SAS Tutorial: Loading Tab-Delimited Files
January 25, 2008 by: Blink 7
Imagine you are given a list of major Canadian political donators and wish to load it into SAS for further analysis. The list is in a text file with fields delimited by tab characters. SAS Enterprise Guide (EG) offers wizards to automatically import a variety of file formats, but using these GUI’s preempts the chance for automation or additional processing during import. Using code to load data offers several advantages:
- Ability to redirect data to multiple data sets
- Ability to clean and modify data during load time
- Ability to delete unwanted data
- Portability and reusability
Pre-Requisites
- SAS v9.x or SAS Enterprise Guide 4.x
- Basic knowledge of the SAS Data Step
- Basic knowledge of how to load and execute SAS programs
- Basic knowledge of numeric and character formatting
- Access to SAS’s read/write file space
Downloads
- Tab Project File (EG only, contains all programs)
- SAS Program: tab1
- SAS Program: tab2
- SAS Program: tab3
- SAS Program: tab4
- SAS Program: tab5
- Donor List (tab file)
Take 1: Basic Loader
Open the SAS program tab1.sas (those using SAS Enterprise Guide 4 can alternatively open the LoadTabDelimit project file and double-click on the tab1 code icon the SAS Project designer window).

As you can see in the screenshot above, SAS reads text files using the Data step. A minimum of two statements are needed to properly load a text file:
- INFILE – The infile statement specifies the text file to be loaded. The full path can be specified (as was done in this example) or a path relative to SAS’s default document directory can be used.
- INPUT – The input statement specifies the fields that should be read from the text file and how they should be read.
First let’s look at the INFILE statement. To make this example work you will probably have to change the path from ‘r:\namelist.txt’ to the location of the tab-delimited file. There are also two options included in the INFILE statement:
- DLM – The DLM option allows the user to set the delimiter between fields in a file. In this case we’ve specified ‘09’x as the delimiter, which is the hexagon representation of the tab character. Other common delimiters include the comma and the space. Delimiters should be specified in single quotes. If the DLM option is not included, SAS assumes the delimiter is a single space
- DSD – The DSD option instructs the DATA step to treat consecutive delimiters as an empty value for the current variable. Without this option, SAS would simply skip to the next item of field data and read it into the current data step variable, which could cause the file to misalign to the data variables and load incorrectly. DSD also removes surrounding quotes when reading data from text files.
Next, let’s look at the INPUT statement. Variable names are created to store each of the fields to be read sequentially into the data set. There are several variants of the INPUT syntax. The syntax in this example specifies exactly how each variable should be read. For now, the code is instructing SAS to read all data into text fields that are a maximum 16 characters long ($16.). There are many alternative ways to read these fields, some of which will be covered later.

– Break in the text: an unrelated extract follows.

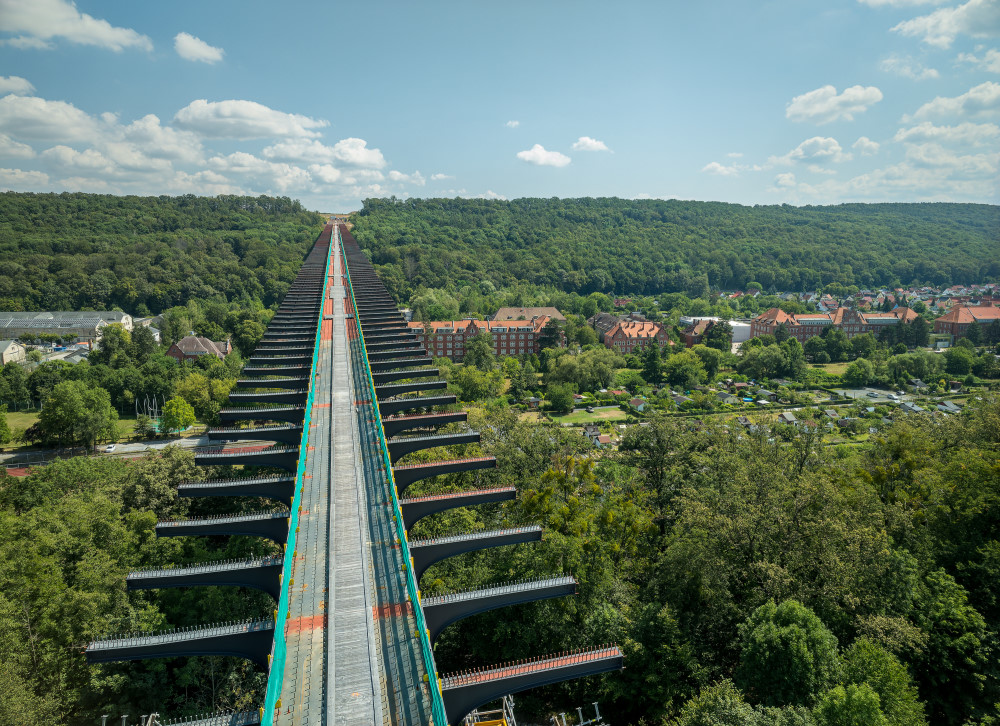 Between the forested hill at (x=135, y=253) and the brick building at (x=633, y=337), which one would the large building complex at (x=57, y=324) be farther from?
the brick building at (x=633, y=337)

Running the tab1 code should result in a data set identical to the screenshot above.
Take 2: Updating the Data Types
Tab1 loaded all of the fields as 16-character text, but that may not be appropriate for purely numeric fields. Firstly, suppose you want to filter out people who are younger than 18 (as we will do later). If the age is left in character format, you will filter out people aged 10-17 but not those aged 2-9, since the digits 2, 3, 4, …, 9 have a greater ASCII value than the number 1 in 18. You could remedy the issue by converting the text field to numeric before performing numeric comparisons, but it is just as easy to read the field directly into a numeric variable.
Secondly, someone may be tempted to list the party affiliation as “Conservative Party of Canada” rather than simply “Conservative”. The party’s long-form name is 25 characters long and will be truncated if read into a 16-character variable.

To solve these problems, change the age variable to read data as a 3-digit number (3.) and change the party variable to read data as a 32-character variable ($32.).

Run the tab2 code. The age column header should now contain a circular blue symbol, while the age column data is right-justified. This indicates that the column contains numeric data.
Take 3: Removing the Title Line
Incoming text files often contain the field names within the first line. This is unnecessary, as the variable names are defined within the INPUT statement of the DATA step. By default, the title line is read in as data, which is undesirable. There are several types of logic that can be used to remove title lines, but if you are certain that the title line will always be on the first line (i.e. no blank header lines) then the easiest approach is simply not to output the first line. This can be accomplished using _N_, SAS’s input record counter. When _N_=1, the data will not be output to the final data set.

A subsetting if statement was used to test the value of _N_. This statement takes the general form
IF
If the condition evaluates to false, the DATA step program flow returns to the top without executing any of the code beneath the subsetting if. In this case, the subsetting if statement will evaluate to true only if the input record is greater than one, meaning the implicit output statement will only be triggered if the record being read is NOT the first record in the input.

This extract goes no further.